En cuanto a Pedro Henríquez Ureña, su propio origen caribeño, su propio peregrinaje por distintas partes de América, su destino atlántico, con una vida signada por avatares que lo llevaron de Santo Domingo a Estados Unidos, de allí a Cuba, México, España y Argentina, donde murió, nunca se sintió extranjero ni exiliado, y siempre se consideró un ciudadano de América, como ha dicho Liliana Weinberg. Esto contribuyó a alimentar y a retroalimentar esa mirada generosa, comprensiva de la diversidad de tiempos y ritmos, abarcadoras de culturas, no es una utopía general, como ha dicho.
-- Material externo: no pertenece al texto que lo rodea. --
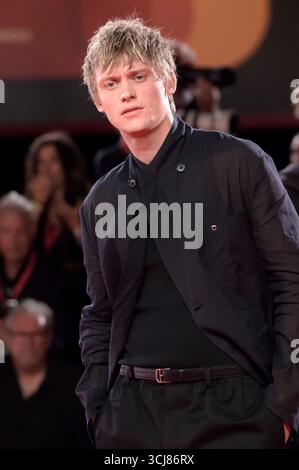 Venedig, Italien. September 2025. Enzo Brumm besucht den roten Teppich „Silent Friend“ während des 82. Internationalen Filmfestivals von Venedig am Freitag, den 5. September 2025. Foto: Rocco Spaziani/UPI Credit: UPI/Alamy Live News Stockfoto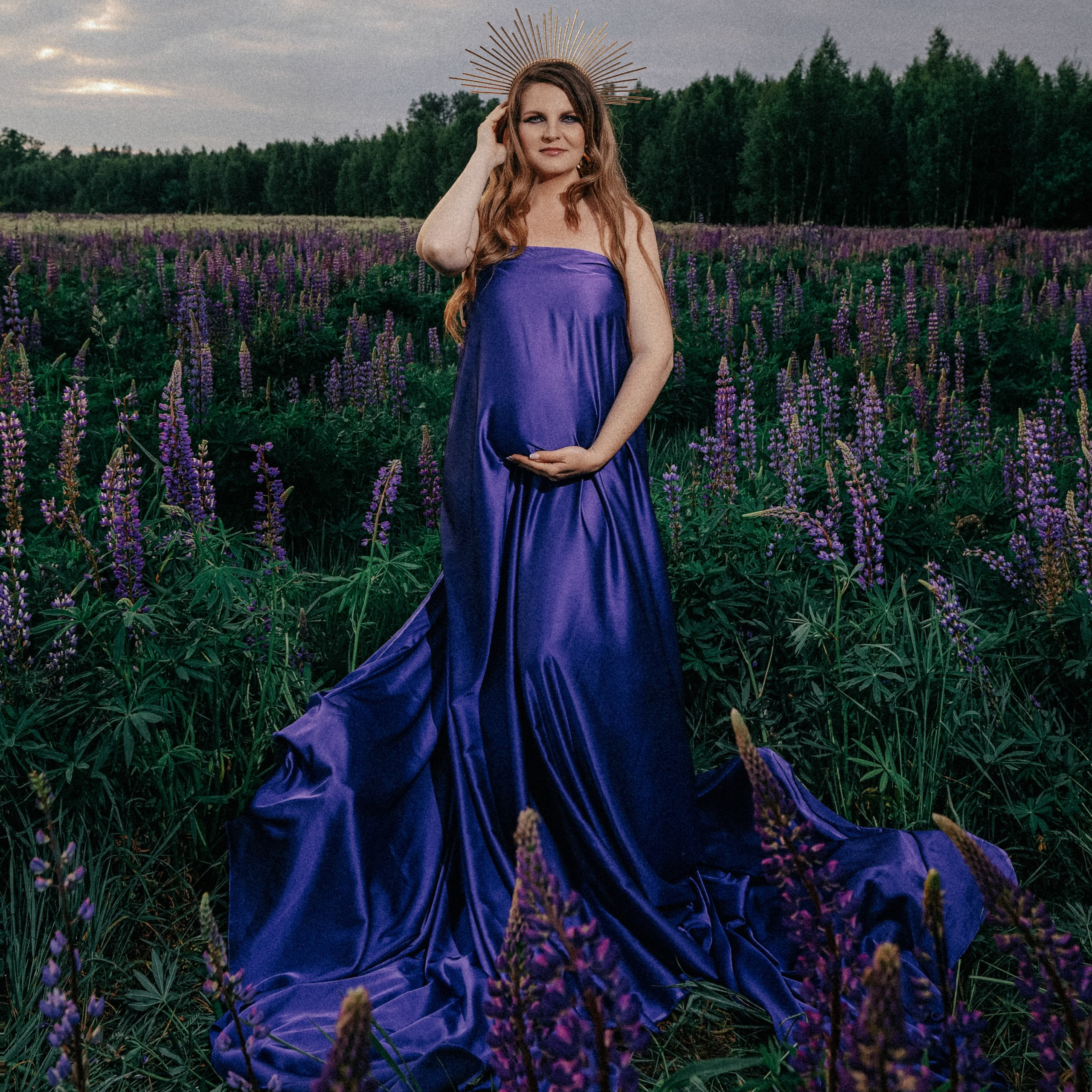 Фотосессия в люпиновом поле. Свадебный и семейный фотограф Виктория Носачёва. Щелково, Москва и МО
La utopía de la que habla el humanista dominicano no es solamente una determinación histórica y antropológica del ser humano, como expresa Rafael Gutiérrez Girardot, sino una meta de América, “nuestra utopía” y esto en un doble sentido: porque su realización es nuestra realización humana e histórica, y porque América misma es, históricamente, Utopía. “Si en América—escribe Henríquez Ureña en “Patria de la justicia”—no han de fructificar utopías, ¿dónde encontrarán asilo? Creación de nuestros abuelos espirituales del Mediterráneo, invención helénica contraria a los ideales asiáticos que sólo prometen al hombre una vida mejor fuera de esta vida terrena, la utopía nunca dejó de ejercer atracción sobre los espíritus superiores de Europa; pero siempre tropezó allí con la maraña profusa de seculares complicaciones: todo intento para deshacerlas, para sanear siquiera con notas de justicia a las sociedades enfermas, ha significado—significa todavía—convulsiones de largos años, dolores incalculables”. La realización de la utopía en América, la realización histórica de la magna patria, sería, además, la contribución del Nuevo Mundo hispánico al viejo mundo y al actual.
Pedro Henríquez Ureña ha dicho: “Mi hilo conductor ha sido el pensar que no hay secreto de la expresión sino uno: trabajarla hondamente, esforzarse en hacerla pura, bajando hasta la raíz de las cosas que queremos decir; afinar, definir, con ansia de perfección. El ansia de perfección es la única forma. Contentándonos con usar el ajeno hallazgo, del extranjero o del compatriota, nunca comunicaremos la revelación íntima; contentándonos con la tibia y confusa enunciación de nuestras intuiciones, las desvirtuaremos ante el oyente y le parecerán cosa vulgar. Pero cuando se ha alcanzado la expresión firme de una intuición artística, va en ella, no sólo el sentido de universal, sino la esencia del espíritu que la poseyó y el sabor de la tierra de la que se ha nutrido”.
A partir del conocimiento de esta verdad, que Henríquez Ureña ejemplifica con las grandes figuras de nuestra historia y de nuestras letras, esboza él la imagen futura y practicable de la plenitud de América, de la realización de su verdad: la Utopía.
Es que la atracción de la cultura, de una época en que la civilización marca definitivamente sus tendencias a universalizarse, constituye uno de los problemas fundamentales de las nuevas naciones, simplemente apartadas de los cauces centrales de la civilización occidental, que mantiene en esta época la hegemonía del mundo.
Nuestra América se justificará ante la humanidad del futuro, cuando, constituida en magna patria, fuerte y próspera por los dones de la naturaleza y por el trabajo de sus hijos, dé el ejemplo de la sociedad donde se cumple la “emancipación del brazo y de la inteligencia”.